"Mon enfant est déconnecté, absent, comme un zombie": faut-il interdire les écrans aux moins de 3 ans?

Le gouvernement continue sa lutte contre les écrans au près des jeunes. La ministre de la Santé Catherine Vautrin a annoncé, dans un entretien accordé au JDD, qu'elle allait publier, dans les prochaines semaines, "un arrêté interdisant les écrans" dans les lieux d'accueil d'enfants de moins de 3 ans. Une interdiction qui, selon elle, devra s’appliquer "partout, y compris à la maison".

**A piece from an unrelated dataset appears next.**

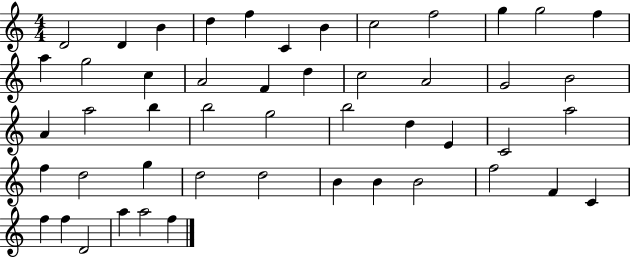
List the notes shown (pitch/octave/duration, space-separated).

D4/h D4/q B4/q D5/q F5/q C4/q B4/q C5/h F5/h G5/q G5/h F5/q A5/q G5/h C5/q A4/h F4/q D5/q C5/h A4/h G4/h B4/h A4/q A5/h B5/q B5/h G5/h B5/h D5/q E4/q C4/h A5/h F5/q D5/h G5/q D5/h D5/h B4/q B4/q B4/h F5/h F4/q C4/q F5/q F5/q D4/h A5/q A5/h F5/q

C'est une façon "d'insuffler l'idée que ça ne se fait pas", espère la ministre, qui y voit un parallèle avec l'interdiction de la fessée. "La police n’est pas allée vérifier dans les foyers si l’interdiction était appliquée, mais le fait de la proclamer a fini par ancrer l’idée "qu’on ne tape pas un enfant, même d’une petite fessée", a expliqué Catherine Vautrin.
La solution de facilité
L'interdiction des écrans avant 3 ans est une recommandation diffusée depuis 2008, mais elle reste très peu appliquée. 86% des parents ne la suivent pas selon une étude de Santé publique France. Cette dernière précise qu'à 2 ans, un enfant français passe en moyenne 56 minutes par jour devant un écran. Le chiffre grimpe à 1h20 à 3 ans et demi, puis 1h34 à 5 ans et demi.
"J'hallucine que des enfants regardent autant les écrans", se désole Mathilde, mère de six enfants.

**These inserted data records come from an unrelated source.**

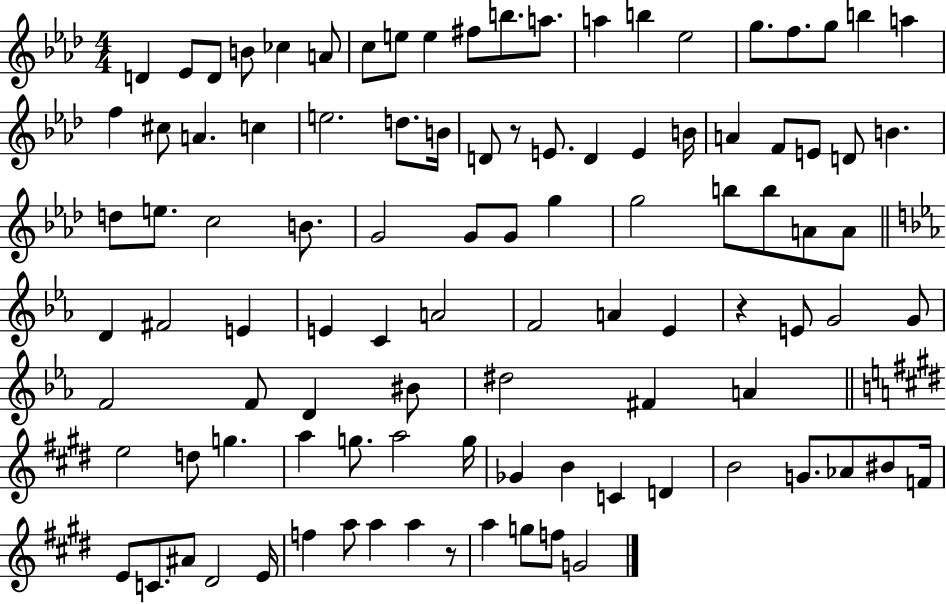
X:1
T:Untitled
M:4/4
L:1/4
K:Ab
D _E/2 D/2 B/2 _c A/2 c/2 e/2 e ^f/2 b/2 a/2 a b _e2 g/2 f/2 g/2 b a f ^c/2 A c e2 d/2 B/4 D/2 z/2 E/2 D E B/4 A F/2 E/2 D/2 B d/2 e/2 c2 B/2 G2 G/2 G/2 g g2 b/2 b/2 A/2 A/2 D ^F2 E E C A2 F2 A _E z E/2 G2 G/2 F2 F/2 D ^B/2 ^d2 ^F A e2 d/2 g a g/2 a2 g/4 _G B C D B2 G/2 _A/2 ^B/2 F/4 E/2 C/2 ^A/2 ^D2 E/4 f a/2 a a z/2 a g/2 f/2 G2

Cette maman au foyer avoue ne pas avoir d'écran à son domicile à part son téléphone et celui de son mari. "Il va falloir aussi que les parents soient un peu plus responsables", affirme-t-elle au micro de Estelle Midi.
Mathilde raconte notamment l'histoire de l'une de ses soeurs qui avait mis ses enfants dans une crèche à Paris: "Ils proposaient des cosys (transats pour bébé, ndlr), avec un bras où les parents pouvaient laisser un téléphone pour surveiller leur enfant pendant la journée, mais ils pouvaient aussi dire à la dame de la crèche que leur enfant avait le droit de regarder un petit dessin-animé."

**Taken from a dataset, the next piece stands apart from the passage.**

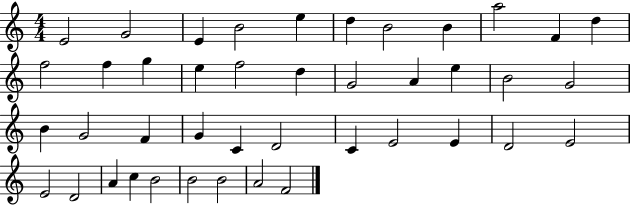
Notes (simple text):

E4/h G4/h E4/q B4/h E5/q D5/q B4/h B4/q A5/h F4/q D5/q F5/h F5/q G5/q E5/q F5/h D5/q G4/h A4/q E5/q B4/h G4/h B4/q G4/h F4/q G4/q C4/q D4/h C4/q E4/h E4/q D4/h E4/h E4/h D4/h A4/q C5/q B4/h B4/h B4/h A4/h F4/h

"Ils n'en font qu'à leur tête"
Le problème de l'exposition aux écrans peut donc venir des personnes en charge de la garde de l'enfant. Mère d'un petit de 7 ans, Haydé est confrontée à cette situation lorsqu'elle laisse son fils aux grands-parents: "Quand je le laisse, ils ont des tablettes et la télé, je le vois tout de suite quand je le reprends, mon enfant est déconnecté, vraiment absent."
"Quand je lui parle, on dirait un zombie", se désolé Haydé.
"Je ne peux pas les fliquer, leur dire ce qu'ils sont censés faire parce que de toute façon ils en feront qu'à leur tête. Ma mère j'essaye de lui en parler, mais ils n'en font qu'à leur tête", regrette la maman. Cette dernière confie, sur RMC, se faire souvent "convoquer par l'école" parce que son fils est "absent une fois sur deux", pas concentré sur ce qu'il se passe en classe.
Des risques pour le développement du cerveau
Haydé remarque que ce n'est pas le cas quand c'est elle qui s'en occupe: "Quand je resserre la vis, que je suis toute seule avec mon fils, je vois tout de suite la différence. Il est plus présent, il a plus envie, il est plus connecté au monde réel." Cette mère de famille voudrait même qu'une loi soit votée pour interdire les écrans "avant 12 ans".
Passer trop de temps devant les écrans peut avoir des effets négatifs sur la santé des enfants. Cinq sociétés savantes ont publié, fin avril, une tribune dans laquelle ils défendaient l'interdiction des écrans avant l'âge de 6 ans car "ils altèrent durablement la santé et les capacités intellectuelles.
Les professionnels de santé signataires listaient des "retards de langage, troubles de l'attention, de la mémorisation et une agitation motrice" parmi les effets dûs à l'exposition aux écrans dès le plus jeune âge. "Les écrans altèrent la construction du cerveau", concluaient les experts.